In the period following its merger with Veritas Software, Symantec Corp. is emphasizing the ties that bind e-mail security management with storage capabilities, but one user hopes the relationship will one day lead to simpler management across
The US$13.5-billion merger, which was announced late last year and closed in July, was supposed to be a marriage of security to storage. Veritas CEO Gary Bloom felt obliged at the company’s annual user conference this summer to address criticism from the financial community that the two firms don’t understand each other’s technology, and described the merger as “a straightforward deal that everyone seems to understand except Wall Street.”
In the same vein, Symantec said Tuesday that it can offer a complete E-mail Security and Availability Solution – a combination of Symantec and Veritas products that can secure e-mail from its receipt at the client level right through to its storage on the backend. The company isn’t announcing any new products but aims to point out the integration opportunities across the product sets.

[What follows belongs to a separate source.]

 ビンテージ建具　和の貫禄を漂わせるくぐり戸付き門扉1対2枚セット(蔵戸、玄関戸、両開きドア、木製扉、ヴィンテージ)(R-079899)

“While all the pieces have existed before, I don’t think many customers have looked at it as: this is how I can implement my security and availability solution,” said Chris Miller, director of product management for Symantec. “They’ve never really looked at it in this broad way before. There are customers that are using e-mail security and some of them are using archiving, but they’re not aware of the cross benefits.”
Direct Media Inc., a marketing services company, uses Symantec Mail Security as well as Enterprise Vault to manage its e-mail, which runs on a Microsoft Exchange server environment. The company operates nine offices across the U.S. and one in Oakville, Ont., and manages its e-mail from its headquarters in Greenwich, Conn. The company has 250 users and its remote employees connect to the head office via a virtual private network (VPN) or through Citrix remote access.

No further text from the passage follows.